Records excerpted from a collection
╔══

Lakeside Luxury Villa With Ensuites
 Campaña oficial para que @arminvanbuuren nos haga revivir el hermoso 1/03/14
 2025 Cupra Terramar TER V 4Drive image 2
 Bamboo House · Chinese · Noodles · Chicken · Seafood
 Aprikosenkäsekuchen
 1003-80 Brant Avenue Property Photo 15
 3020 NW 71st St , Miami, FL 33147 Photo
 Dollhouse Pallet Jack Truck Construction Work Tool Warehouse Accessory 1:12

╚══

## [EXERCISE OBJECTIVE]
Word for word, repeat the data from its first line through the line with "Aprikosenkäsekuchen", including both of those lines and no others.

## [ANSWER TO THE EXERCISE]
Lakeside Luxury Villa With Ensuites
 Campaña oficial para que @arminvanbuuren nos haga revivir el hermoso 1/03/14
 2025 Cupra Terramar TER V 4Drive image 2
 Bamboo House · Chinese · Noodles · Chicken · Seafood
 Aprikosenkäsekuchen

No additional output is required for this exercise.